Updated at 12:05 a.m. Eastern time
CBS News has confirmed that U.S. warplanes made airstrikes yesterday on suspected al Qaeda positions in Yemen.
Officials say the strikes were requested by the government of Yemen and were intended to head off terrorist attacks in that country. The targets might have included the U.S. Embassy. Yemeni officials say at least 34 militants were killed.
Witnesses, however, put the number killed at over 60 and said the dead were mostly civilians, including women and children, The New York Times reported in its online editions late Friday. They denied the target was an al Qaeda stronghold, and one provincial official said only 10 militant suspects died.

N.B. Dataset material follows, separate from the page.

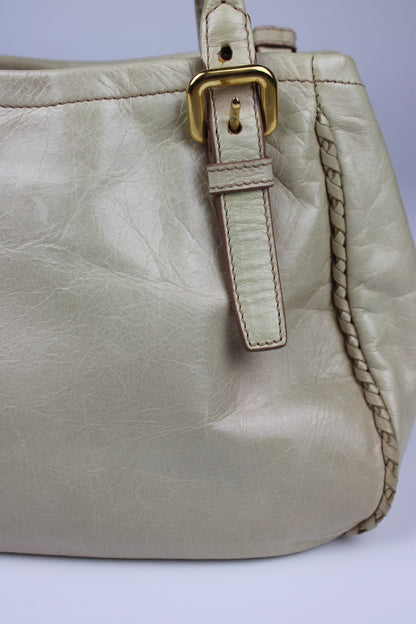 Prada Vitello Shine 2-Way Bow Bag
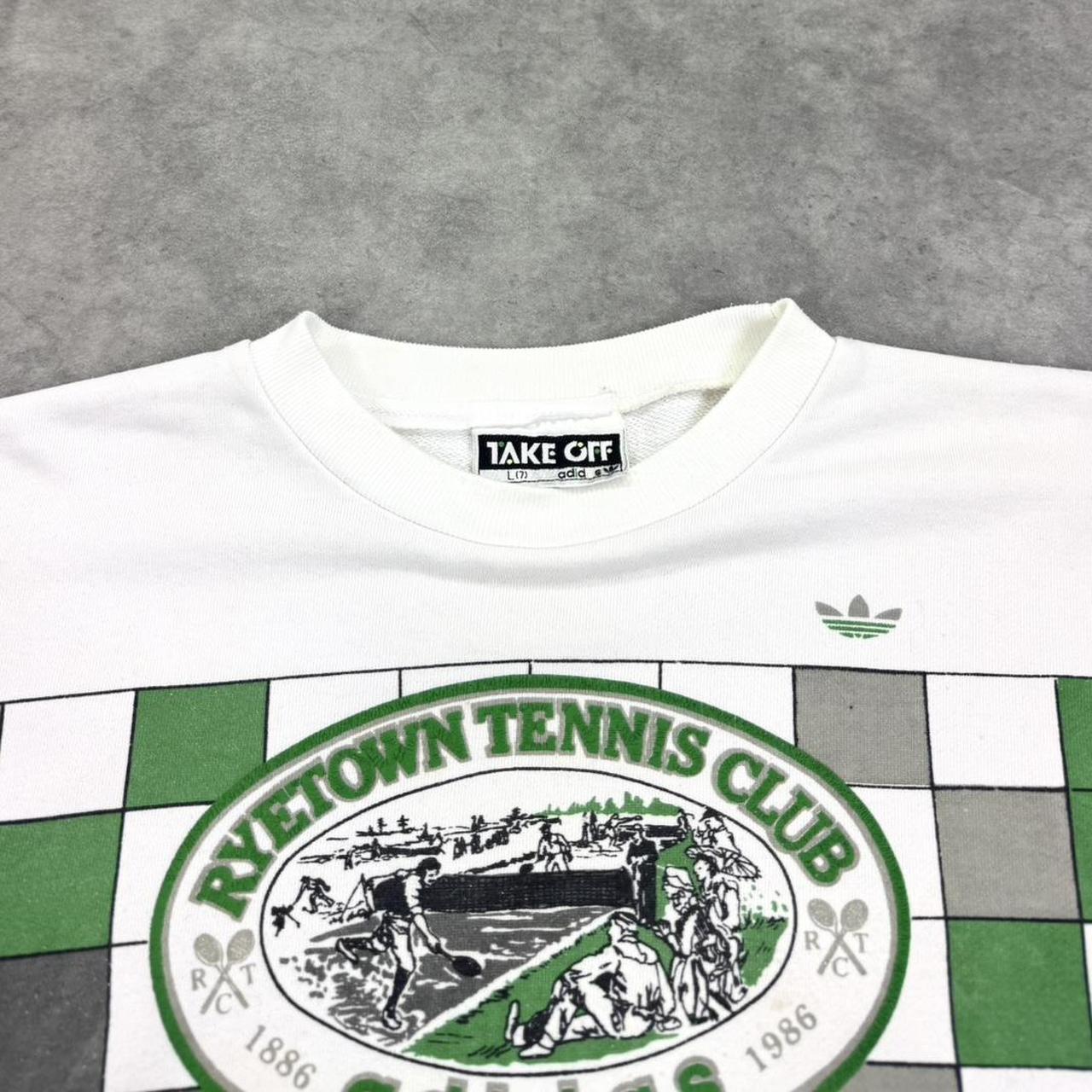 Vintage 80s adidas print jumper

The United States has repeatedly called on Yemen to take stronger action against al Qaeda, whose fighters have increasingly found refuge here in the past year. Worries over the growing presence are compounded by fears that Yemen could collapse into turmoil from its multiple conflicts and increasing poverty and become another Afghanistan, giving the militants even freer rein.
Part of al Qaeda's strategy has been to move the terrorist groups' Arab militant fighters out of the Afghanistan-Pakistan region to Yemen.

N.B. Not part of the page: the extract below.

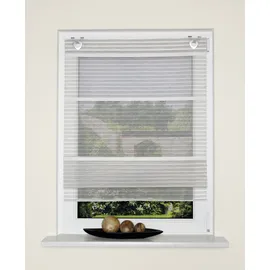 HOME WOHNIDEEN Raffrollo HOME WOHNIDEEN "JÖRG" Gr. 1, grau (taupe), B:45cm H:130cm, Obermaterial: 100% Polyester, Raffrollos, Magnetrollo JÖRG mit Querstreifen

It was reported last week that the man in charge of that relocation was likely killed in a U.S. drone attack in northwest Pakistan.
Reports of the likely death of Saleh al-Somali, a Somali-born key al Qaeda operational planner, in a U.S. drone strike in northwestern Pakistan Tuesday prompted at least one knowledgeable Arab diplomat in the country to describe him as "a lynchpin in al Qaeda's well-considered new strategy."

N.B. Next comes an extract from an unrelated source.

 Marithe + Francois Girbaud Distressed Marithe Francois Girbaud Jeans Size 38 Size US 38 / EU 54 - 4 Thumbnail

According to the diplomat who spoke to CBS News on condition of anonymity, al-Somali's responsibilities included plotting al Qaeda's attacks and plans beyond the Afghanistan-Pakistan region.
"Since the summer of 2008, I believe he was involved with planning to shift some of al Qaeda's Arab fighters to Yemen" - the conservative state in the Arabian peninsula alongside Saudi Arabia's southern border, where al Qaeda has pushed an increasingly violent insurgency in the past year.
The diplomat said that between one-quarter to one-third of al Qaeda's units in the Afghanistan-Pakistan region are now led by non-Arabs, in a transition from "100 percent of these units which were once led by Arabs."
He said militants from the central Asian former Soviet republic of Uzbekistan and Afghanistan were now either "holding permanent or temporary charge of these units," as some of al Qaeda's most hardened fighters head out of the region for Yemen, which he described as "their new frontier."